··· GIVEN MATERIAL ···

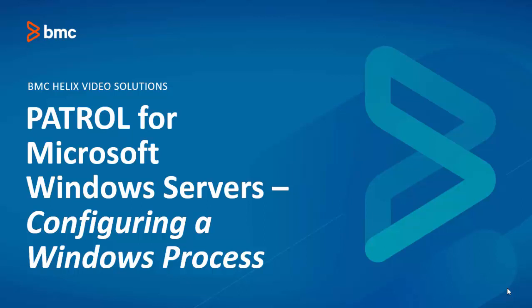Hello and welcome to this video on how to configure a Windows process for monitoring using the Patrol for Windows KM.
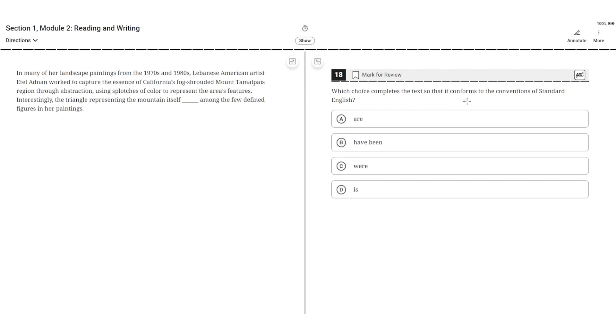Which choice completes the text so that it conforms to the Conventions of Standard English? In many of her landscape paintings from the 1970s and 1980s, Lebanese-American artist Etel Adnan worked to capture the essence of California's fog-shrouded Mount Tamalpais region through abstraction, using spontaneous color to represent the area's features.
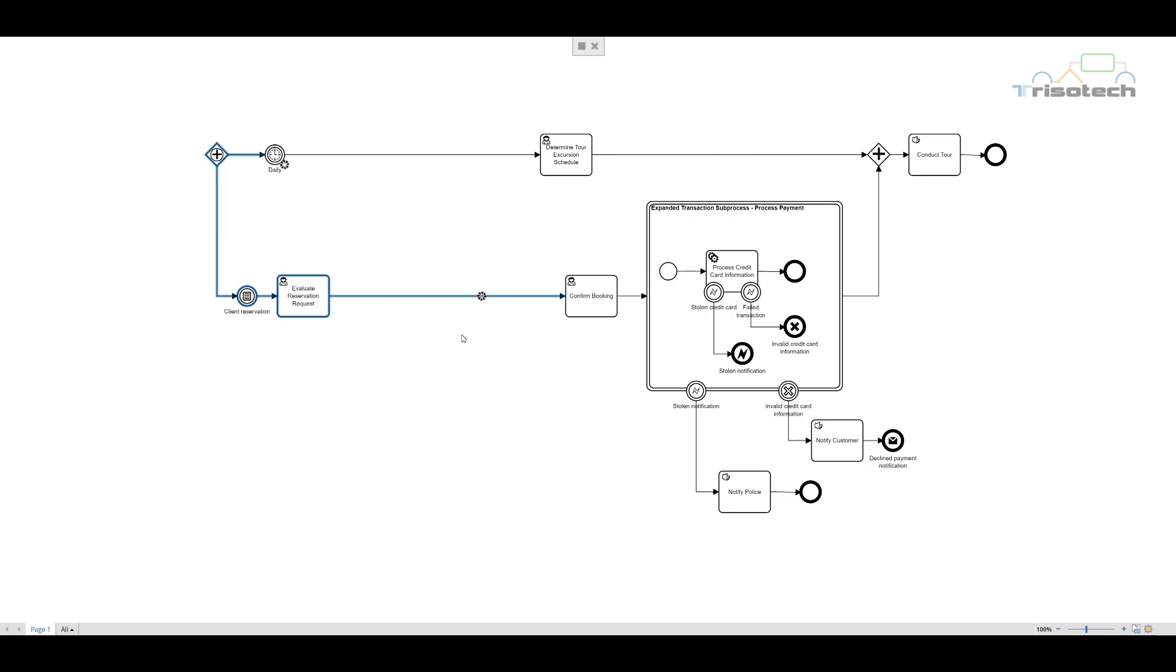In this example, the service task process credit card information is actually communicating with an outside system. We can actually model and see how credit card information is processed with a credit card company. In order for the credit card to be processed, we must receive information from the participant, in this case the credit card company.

···

◆ WORK TO BE COMPLETED ◆
The listing above needs to be output again exactly. Don't include the pictures.

◆ TASK SOLUTION ◆
Hello and welcome to this video on how to configure a Windows process for monitoring using the Patrol for Windows KM.
Which choice completes the text so that it conforms to the Conventions of Standard English? In many of her landscape paintings from the 1970s and 1980s, Lebanese-American artist Etel Adnan worked to capture the essence of California's fog-shrouded Mount Tamalpais region through abstraction, using spontaneous color to represent the area's features.
In this example, the service task process credit card information is actually communicating with an outside system. We can actually model and see how credit card information is processed with a credit card company. In order for the credit card to be processed, we must receive information from the participant, in this case the credit card company.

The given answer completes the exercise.